Dataset excerpts
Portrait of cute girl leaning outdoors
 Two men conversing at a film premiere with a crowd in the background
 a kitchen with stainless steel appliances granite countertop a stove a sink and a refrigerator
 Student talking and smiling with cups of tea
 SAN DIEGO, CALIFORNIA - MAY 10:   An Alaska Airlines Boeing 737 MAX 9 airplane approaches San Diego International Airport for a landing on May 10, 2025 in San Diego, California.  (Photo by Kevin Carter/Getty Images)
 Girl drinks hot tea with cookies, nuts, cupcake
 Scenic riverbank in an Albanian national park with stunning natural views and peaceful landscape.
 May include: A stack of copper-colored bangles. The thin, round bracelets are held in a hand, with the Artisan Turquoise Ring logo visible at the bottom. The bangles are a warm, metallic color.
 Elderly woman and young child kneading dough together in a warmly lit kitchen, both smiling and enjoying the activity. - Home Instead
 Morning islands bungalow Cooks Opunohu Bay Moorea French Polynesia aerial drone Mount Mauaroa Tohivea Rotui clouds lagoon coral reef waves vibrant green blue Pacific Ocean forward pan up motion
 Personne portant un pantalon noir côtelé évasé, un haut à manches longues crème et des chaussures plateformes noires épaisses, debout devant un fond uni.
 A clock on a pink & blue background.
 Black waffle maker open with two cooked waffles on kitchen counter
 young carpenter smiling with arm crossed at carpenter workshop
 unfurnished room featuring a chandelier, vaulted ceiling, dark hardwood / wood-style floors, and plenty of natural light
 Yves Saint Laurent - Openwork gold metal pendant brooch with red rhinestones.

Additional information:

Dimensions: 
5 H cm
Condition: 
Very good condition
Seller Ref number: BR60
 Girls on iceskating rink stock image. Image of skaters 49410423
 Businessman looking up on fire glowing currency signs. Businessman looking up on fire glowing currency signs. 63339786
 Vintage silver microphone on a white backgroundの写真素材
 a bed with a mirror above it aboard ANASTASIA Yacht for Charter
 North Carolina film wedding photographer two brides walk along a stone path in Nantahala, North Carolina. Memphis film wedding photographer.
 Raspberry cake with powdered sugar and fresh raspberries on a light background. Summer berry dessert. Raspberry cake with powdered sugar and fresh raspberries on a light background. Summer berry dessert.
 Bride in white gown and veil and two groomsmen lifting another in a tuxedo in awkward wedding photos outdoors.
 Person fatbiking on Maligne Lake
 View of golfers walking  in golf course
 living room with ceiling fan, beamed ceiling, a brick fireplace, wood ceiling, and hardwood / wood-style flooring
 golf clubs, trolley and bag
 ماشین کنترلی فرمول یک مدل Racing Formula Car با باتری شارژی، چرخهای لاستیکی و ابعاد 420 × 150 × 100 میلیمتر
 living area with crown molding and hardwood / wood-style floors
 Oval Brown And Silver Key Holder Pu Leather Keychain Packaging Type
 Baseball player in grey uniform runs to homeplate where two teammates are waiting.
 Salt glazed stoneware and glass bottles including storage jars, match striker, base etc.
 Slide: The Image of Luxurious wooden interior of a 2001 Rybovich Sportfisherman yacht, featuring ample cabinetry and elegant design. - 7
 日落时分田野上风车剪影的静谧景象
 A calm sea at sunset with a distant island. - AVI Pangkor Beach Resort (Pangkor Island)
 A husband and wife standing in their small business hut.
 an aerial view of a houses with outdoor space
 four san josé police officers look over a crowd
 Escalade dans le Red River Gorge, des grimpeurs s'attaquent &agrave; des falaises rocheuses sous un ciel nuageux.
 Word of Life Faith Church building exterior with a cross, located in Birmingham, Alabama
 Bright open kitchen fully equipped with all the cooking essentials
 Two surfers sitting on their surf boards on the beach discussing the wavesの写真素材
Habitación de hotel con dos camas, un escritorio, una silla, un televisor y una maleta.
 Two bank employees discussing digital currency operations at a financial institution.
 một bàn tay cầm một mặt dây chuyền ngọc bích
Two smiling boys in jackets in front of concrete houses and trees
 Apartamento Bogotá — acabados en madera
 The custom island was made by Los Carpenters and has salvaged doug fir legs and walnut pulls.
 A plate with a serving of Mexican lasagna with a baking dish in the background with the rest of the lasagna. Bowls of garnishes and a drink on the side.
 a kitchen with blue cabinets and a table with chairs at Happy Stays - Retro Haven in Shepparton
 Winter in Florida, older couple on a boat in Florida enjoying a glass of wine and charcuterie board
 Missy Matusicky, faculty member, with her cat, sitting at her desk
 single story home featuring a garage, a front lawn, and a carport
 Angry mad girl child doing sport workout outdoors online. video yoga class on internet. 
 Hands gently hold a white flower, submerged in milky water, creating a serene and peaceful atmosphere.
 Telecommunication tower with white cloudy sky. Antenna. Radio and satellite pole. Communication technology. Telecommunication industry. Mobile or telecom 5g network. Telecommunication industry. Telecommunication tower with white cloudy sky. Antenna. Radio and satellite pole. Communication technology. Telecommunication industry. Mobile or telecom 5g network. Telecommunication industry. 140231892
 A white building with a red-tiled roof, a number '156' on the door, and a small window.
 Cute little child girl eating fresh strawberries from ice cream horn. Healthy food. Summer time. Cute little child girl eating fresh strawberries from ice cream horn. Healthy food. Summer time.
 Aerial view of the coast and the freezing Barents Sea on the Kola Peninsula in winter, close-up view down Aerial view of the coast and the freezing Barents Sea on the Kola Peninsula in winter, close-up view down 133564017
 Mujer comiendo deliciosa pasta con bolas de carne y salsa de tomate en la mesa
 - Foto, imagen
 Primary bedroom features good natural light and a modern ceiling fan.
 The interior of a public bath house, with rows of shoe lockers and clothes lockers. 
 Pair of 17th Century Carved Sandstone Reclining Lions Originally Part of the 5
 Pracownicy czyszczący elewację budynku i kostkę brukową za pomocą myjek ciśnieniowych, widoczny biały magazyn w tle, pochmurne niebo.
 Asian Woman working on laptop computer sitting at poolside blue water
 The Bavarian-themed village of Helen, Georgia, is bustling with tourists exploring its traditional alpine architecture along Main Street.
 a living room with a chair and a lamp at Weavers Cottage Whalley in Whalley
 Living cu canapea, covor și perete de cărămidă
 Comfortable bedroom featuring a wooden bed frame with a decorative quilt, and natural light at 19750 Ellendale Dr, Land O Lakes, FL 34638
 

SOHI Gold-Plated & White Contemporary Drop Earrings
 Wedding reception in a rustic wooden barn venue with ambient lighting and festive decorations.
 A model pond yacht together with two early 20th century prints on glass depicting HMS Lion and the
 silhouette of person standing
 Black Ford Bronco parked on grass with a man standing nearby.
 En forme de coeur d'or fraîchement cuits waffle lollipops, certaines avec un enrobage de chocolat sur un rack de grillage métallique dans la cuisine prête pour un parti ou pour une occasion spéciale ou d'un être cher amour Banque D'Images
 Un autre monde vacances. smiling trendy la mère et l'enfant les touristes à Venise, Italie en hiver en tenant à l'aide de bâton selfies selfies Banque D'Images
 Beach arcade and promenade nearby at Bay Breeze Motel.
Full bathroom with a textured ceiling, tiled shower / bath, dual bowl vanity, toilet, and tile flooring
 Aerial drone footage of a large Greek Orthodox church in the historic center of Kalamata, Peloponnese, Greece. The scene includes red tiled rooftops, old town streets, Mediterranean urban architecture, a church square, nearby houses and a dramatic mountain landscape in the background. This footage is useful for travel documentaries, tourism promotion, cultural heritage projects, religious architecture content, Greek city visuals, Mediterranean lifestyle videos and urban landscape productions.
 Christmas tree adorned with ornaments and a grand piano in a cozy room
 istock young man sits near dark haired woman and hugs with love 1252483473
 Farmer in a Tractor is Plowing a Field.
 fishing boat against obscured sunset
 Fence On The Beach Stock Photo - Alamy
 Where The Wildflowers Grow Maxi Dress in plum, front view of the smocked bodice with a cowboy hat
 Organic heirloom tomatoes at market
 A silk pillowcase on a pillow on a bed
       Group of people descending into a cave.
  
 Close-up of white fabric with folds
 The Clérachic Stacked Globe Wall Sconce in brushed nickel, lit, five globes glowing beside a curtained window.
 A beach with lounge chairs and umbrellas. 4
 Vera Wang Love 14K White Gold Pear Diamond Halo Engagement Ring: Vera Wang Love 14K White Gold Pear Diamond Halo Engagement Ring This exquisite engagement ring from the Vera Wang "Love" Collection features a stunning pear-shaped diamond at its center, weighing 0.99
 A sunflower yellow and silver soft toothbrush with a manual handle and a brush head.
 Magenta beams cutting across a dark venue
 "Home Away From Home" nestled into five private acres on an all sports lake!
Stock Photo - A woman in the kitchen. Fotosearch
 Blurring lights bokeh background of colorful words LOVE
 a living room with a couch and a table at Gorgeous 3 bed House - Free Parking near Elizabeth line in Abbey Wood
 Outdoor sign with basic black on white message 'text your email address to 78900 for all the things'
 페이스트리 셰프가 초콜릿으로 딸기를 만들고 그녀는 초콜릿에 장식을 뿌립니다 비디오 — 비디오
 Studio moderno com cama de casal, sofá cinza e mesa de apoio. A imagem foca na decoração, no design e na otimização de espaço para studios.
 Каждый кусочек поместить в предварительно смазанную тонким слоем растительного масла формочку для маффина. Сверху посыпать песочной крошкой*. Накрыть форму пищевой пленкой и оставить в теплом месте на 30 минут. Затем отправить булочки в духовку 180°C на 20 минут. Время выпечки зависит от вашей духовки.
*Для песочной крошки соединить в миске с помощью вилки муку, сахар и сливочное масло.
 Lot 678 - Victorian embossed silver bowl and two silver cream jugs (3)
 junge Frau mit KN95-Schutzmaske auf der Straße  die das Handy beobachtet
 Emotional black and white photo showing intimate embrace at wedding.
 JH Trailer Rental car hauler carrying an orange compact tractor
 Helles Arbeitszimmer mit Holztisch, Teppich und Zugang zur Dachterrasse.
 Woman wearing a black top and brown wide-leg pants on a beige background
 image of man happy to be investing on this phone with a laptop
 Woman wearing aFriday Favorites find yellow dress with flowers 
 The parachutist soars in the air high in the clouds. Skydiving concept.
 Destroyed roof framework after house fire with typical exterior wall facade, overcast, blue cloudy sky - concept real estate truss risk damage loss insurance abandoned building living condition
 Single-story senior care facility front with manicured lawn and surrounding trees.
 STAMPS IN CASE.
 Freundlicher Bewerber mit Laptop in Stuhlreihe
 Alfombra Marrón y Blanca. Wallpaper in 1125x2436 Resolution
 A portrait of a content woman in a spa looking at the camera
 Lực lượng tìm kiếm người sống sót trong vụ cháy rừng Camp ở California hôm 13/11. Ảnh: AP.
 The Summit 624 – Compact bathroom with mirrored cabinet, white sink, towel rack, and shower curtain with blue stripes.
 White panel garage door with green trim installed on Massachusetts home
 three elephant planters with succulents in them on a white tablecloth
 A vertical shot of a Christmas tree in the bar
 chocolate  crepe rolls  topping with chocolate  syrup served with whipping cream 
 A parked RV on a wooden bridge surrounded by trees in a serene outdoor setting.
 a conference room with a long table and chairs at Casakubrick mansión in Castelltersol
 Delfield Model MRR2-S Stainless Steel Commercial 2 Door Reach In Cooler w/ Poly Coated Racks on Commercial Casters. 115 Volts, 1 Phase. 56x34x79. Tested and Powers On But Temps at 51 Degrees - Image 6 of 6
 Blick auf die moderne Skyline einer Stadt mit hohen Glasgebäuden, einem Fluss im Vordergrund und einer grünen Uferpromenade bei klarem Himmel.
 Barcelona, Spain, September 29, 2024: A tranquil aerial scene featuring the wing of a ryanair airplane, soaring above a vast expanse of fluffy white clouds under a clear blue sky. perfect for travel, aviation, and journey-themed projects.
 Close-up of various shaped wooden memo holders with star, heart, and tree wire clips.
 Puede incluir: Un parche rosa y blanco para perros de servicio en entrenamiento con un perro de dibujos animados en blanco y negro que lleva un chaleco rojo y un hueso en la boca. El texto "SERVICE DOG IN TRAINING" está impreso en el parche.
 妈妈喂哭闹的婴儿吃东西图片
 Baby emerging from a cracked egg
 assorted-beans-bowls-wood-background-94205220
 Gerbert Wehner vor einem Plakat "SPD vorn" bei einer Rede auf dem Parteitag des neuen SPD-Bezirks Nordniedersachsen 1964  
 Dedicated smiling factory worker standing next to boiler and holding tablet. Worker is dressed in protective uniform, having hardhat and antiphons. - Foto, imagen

> **To do**: Reproduce exactly the lines above from the line with "Pracownicy czyszczący elewację" to the line with "The Bavarian-themed village", including both, and add nothing.

> **Written answer**:
 Pracownicy czyszczący elewację budynku i kostkę brukową za pomocą myjek ciśnieniowych, widoczny biały magazyn w tle, pochmurne niebo.
 Asian Woman working on laptop computer sitting at poolside blue water
 The Bavarian-themed village of Helen, Georgia, is bustling with tourists exploring its traditional alpine architecture along Main Street.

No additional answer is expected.